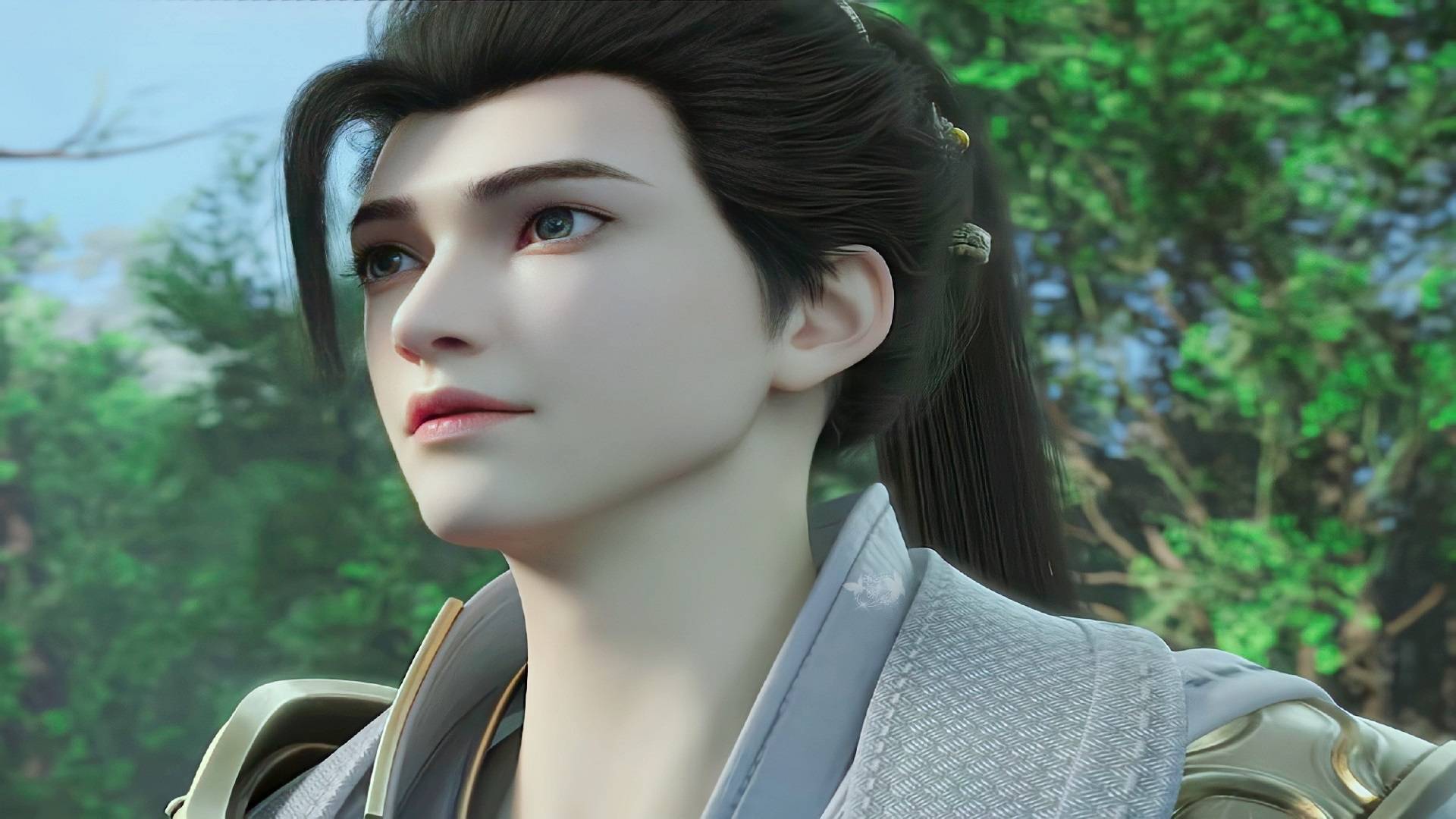 完美世界石昊强大的根本原因不在于外界条件而在于磨砺自身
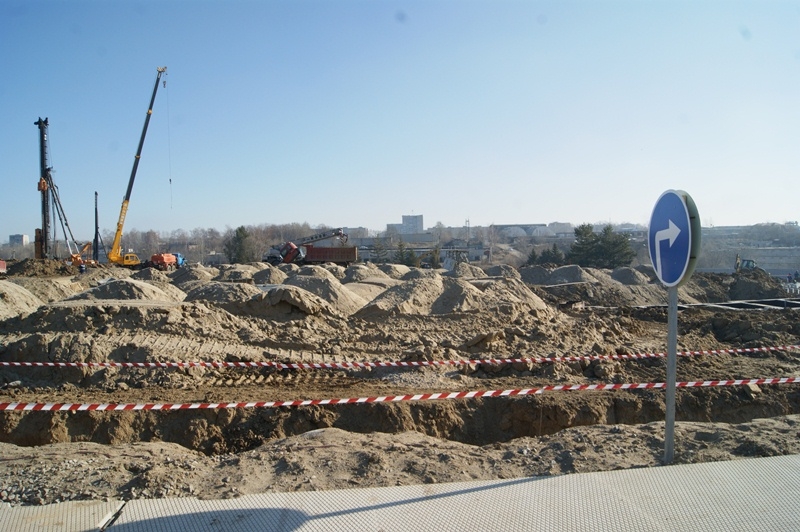 Полпред в ДФО: Хабаровские краевые власти покупают жилье по завышенной цене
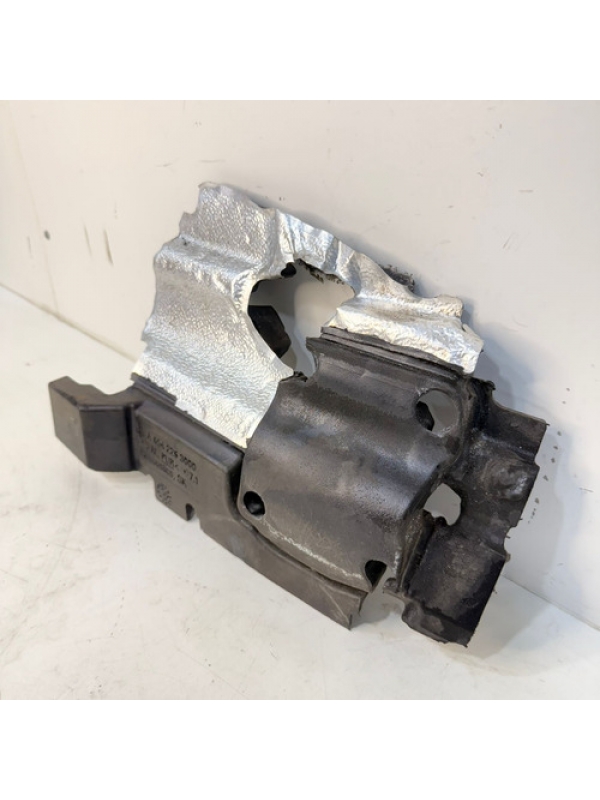 Proteção Anti Ruido Motor Mb Sprinter 2.0 417 517 2023 À 025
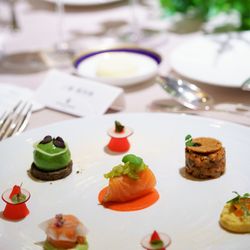 ザ・リッツ・カールトン東京の写真26枚目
□ □ □
TASK PROMPT: Drop the pictures, then repeat the material word for word.

OUTPUT FOR THIS EXERCISE:
 完美世界石昊强大的根本原因不在于外界条件而在于磨砺自身
 Полпред в ДФО: Хабаровские краевые власти покупают жилье по завышенной цене
 Proteção Anti Ruido Motor Mb Sprinter 2.0 417 517 2023 À 025
 ザ・リッツ・カールトン東京の写真26枚目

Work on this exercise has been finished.